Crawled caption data
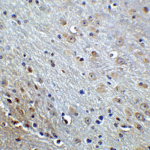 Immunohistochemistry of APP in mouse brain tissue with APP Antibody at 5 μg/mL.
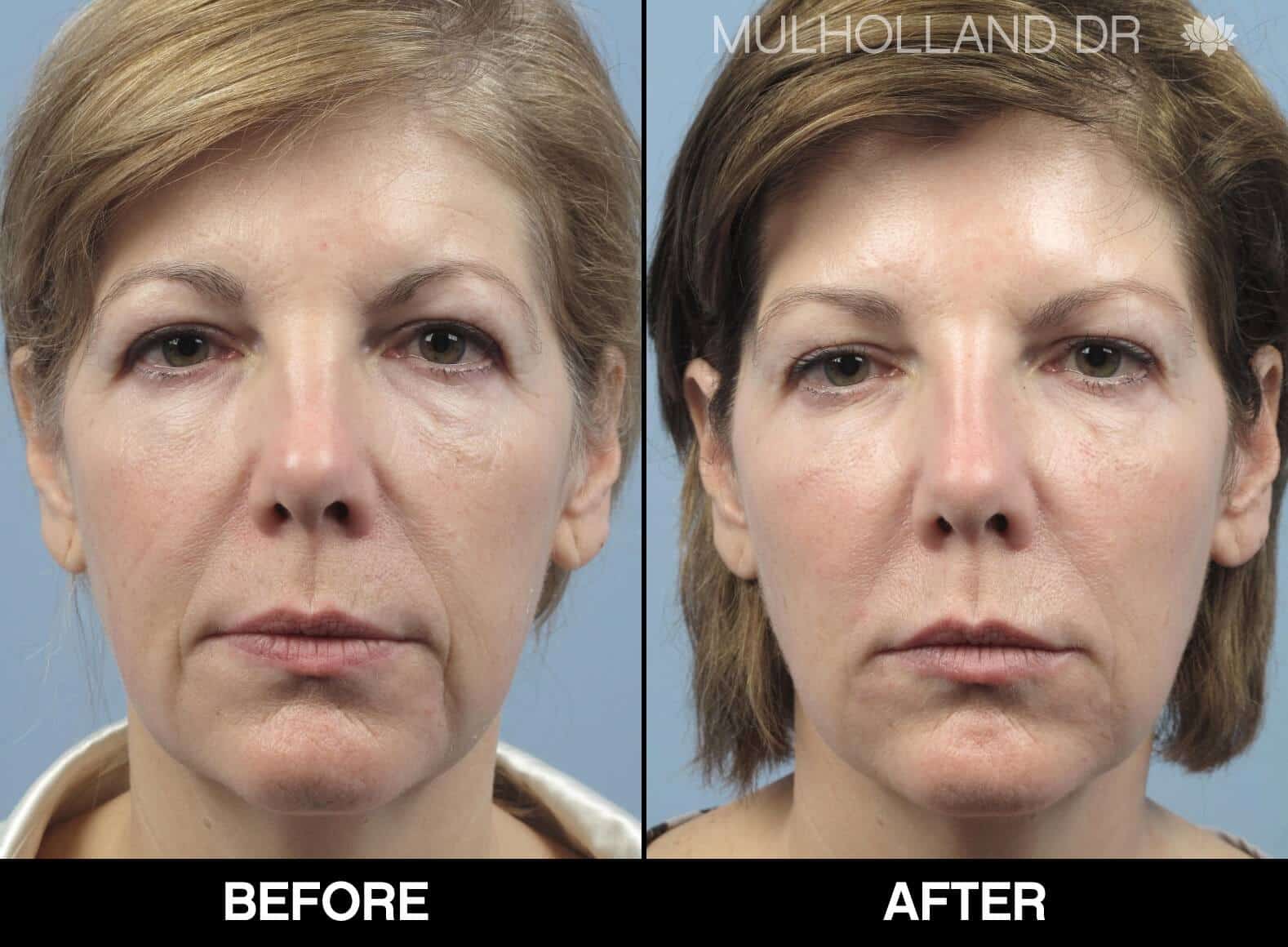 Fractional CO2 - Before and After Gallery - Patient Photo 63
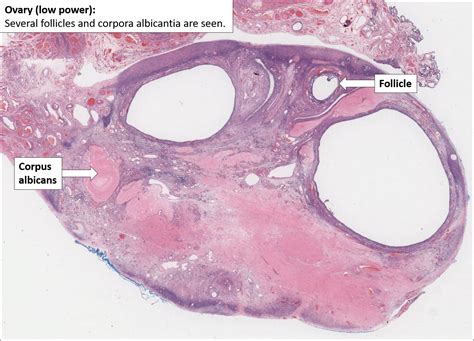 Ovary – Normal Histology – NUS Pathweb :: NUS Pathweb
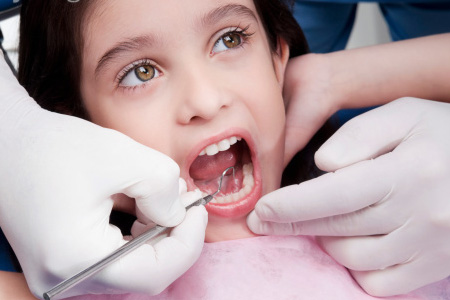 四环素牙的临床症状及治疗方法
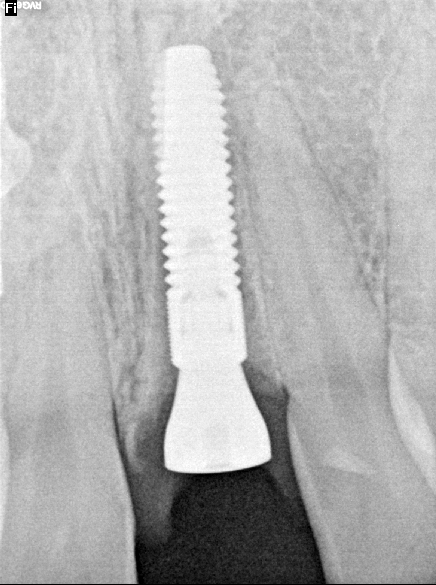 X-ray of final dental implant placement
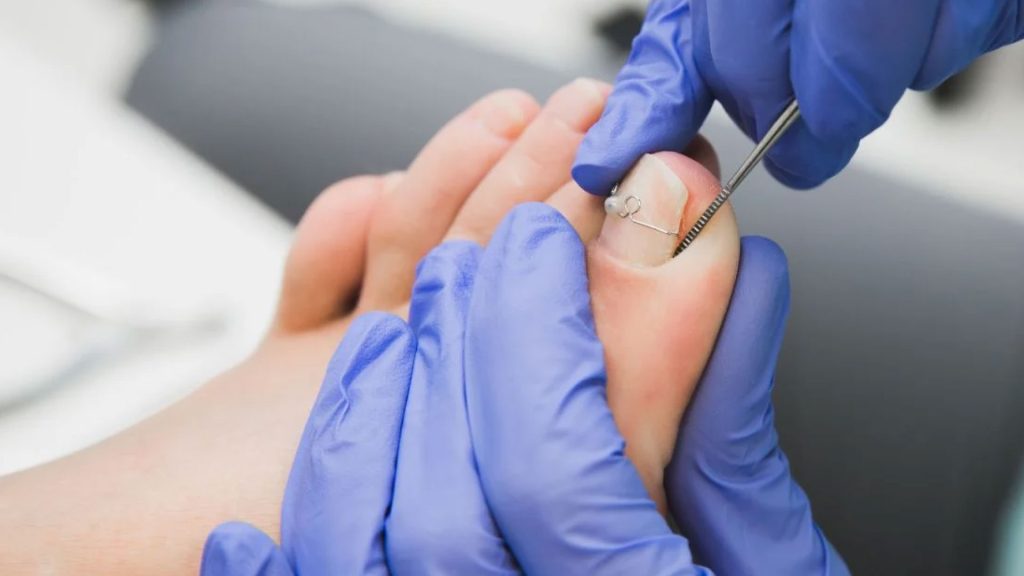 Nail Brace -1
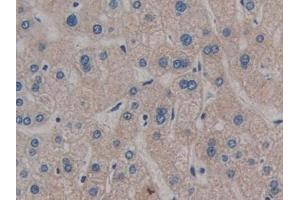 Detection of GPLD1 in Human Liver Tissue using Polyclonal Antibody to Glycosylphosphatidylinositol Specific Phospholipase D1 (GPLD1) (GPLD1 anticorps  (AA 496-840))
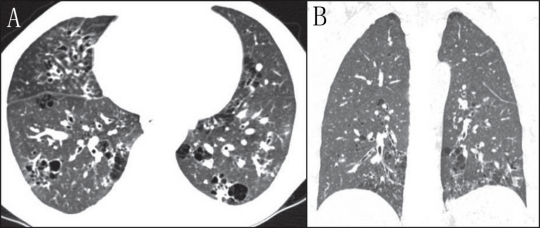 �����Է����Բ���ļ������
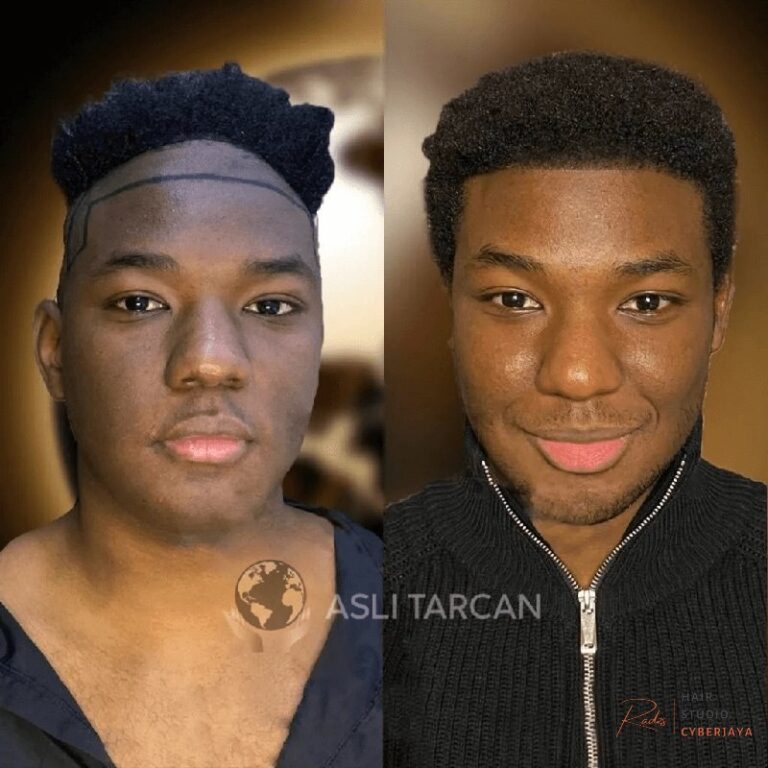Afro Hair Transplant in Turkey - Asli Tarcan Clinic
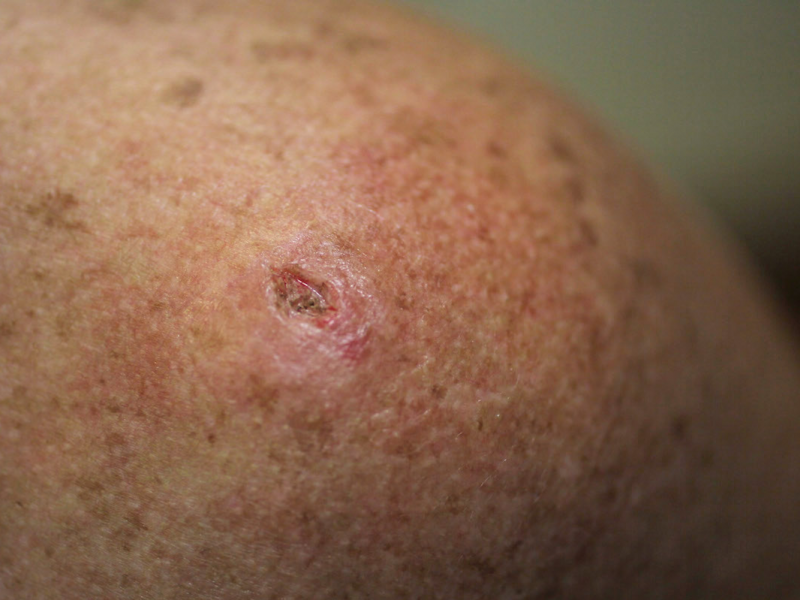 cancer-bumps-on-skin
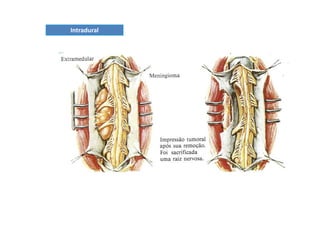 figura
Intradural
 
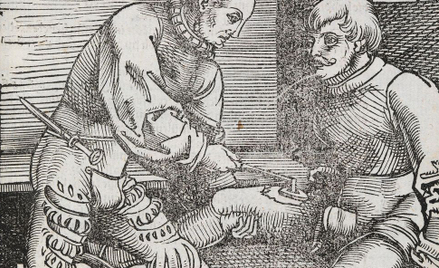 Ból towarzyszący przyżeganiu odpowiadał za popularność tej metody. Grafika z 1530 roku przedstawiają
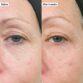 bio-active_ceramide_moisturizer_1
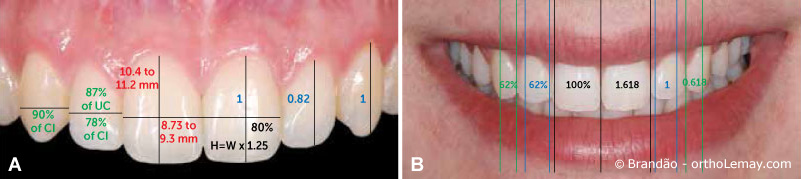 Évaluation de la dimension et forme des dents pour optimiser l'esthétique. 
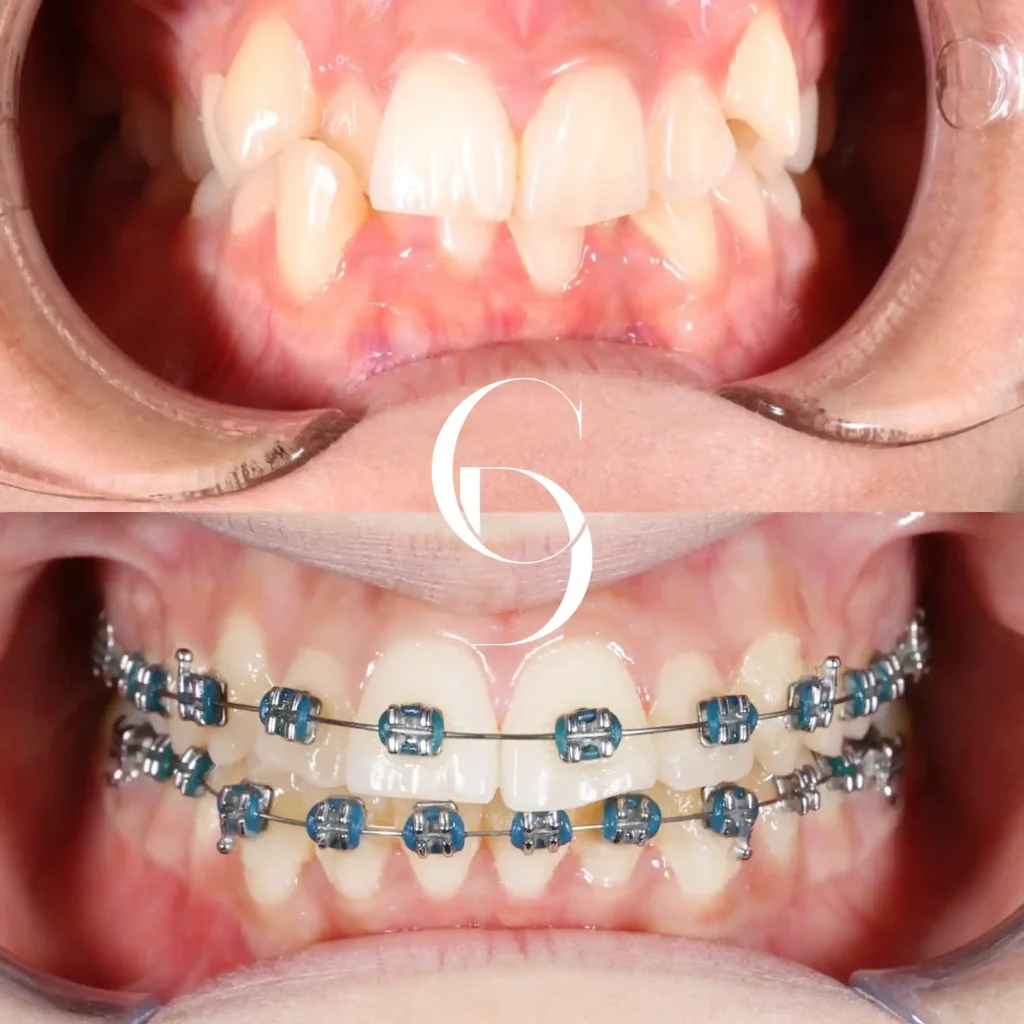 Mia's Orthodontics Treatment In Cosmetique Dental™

→ **Work task**: Would you copy out every line of the data above exactly, minus the pictures?

→ **Your solution**:
 Immunohistochemistry of APP in mouse brain tissue with APP Antibody at 5 μg/mL.
 Fractional CO2 - Before and After Gallery - Patient Photo 63
 Ovary – Normal Histology – NUS Pathweb :: NUS Pathweb
 四环素牙的临床症状及治疗方法
 X-ray of final dental implant placement
 Nail Brace -1
 Detection of GPLD1 in Human Liver Tissue using Polyclonal Antibody to Glycosylphosphatidylinositol Specific Phospholipase D1 (GPLD1) (GPLD1 anticorps  (AA 496-840))
 �����Է����Բ���ļ������
Afro Hair Transplant in Turkey - Asli Tarcan Clinic
 cancer-bumps-on-skin
 figura
Intradural
 
 Ból towarzyszący przyżeganiu odpowiadał za popularność tej metody. Grafika z 1530 roku przedstawiają
 bio-active_ceramide_moisturizer_1
 Évaluation de la dimension et forme des dents pour optimiser l'esthétique. 
 Mia's Orthodontics Treatment In Cosmetique Dental™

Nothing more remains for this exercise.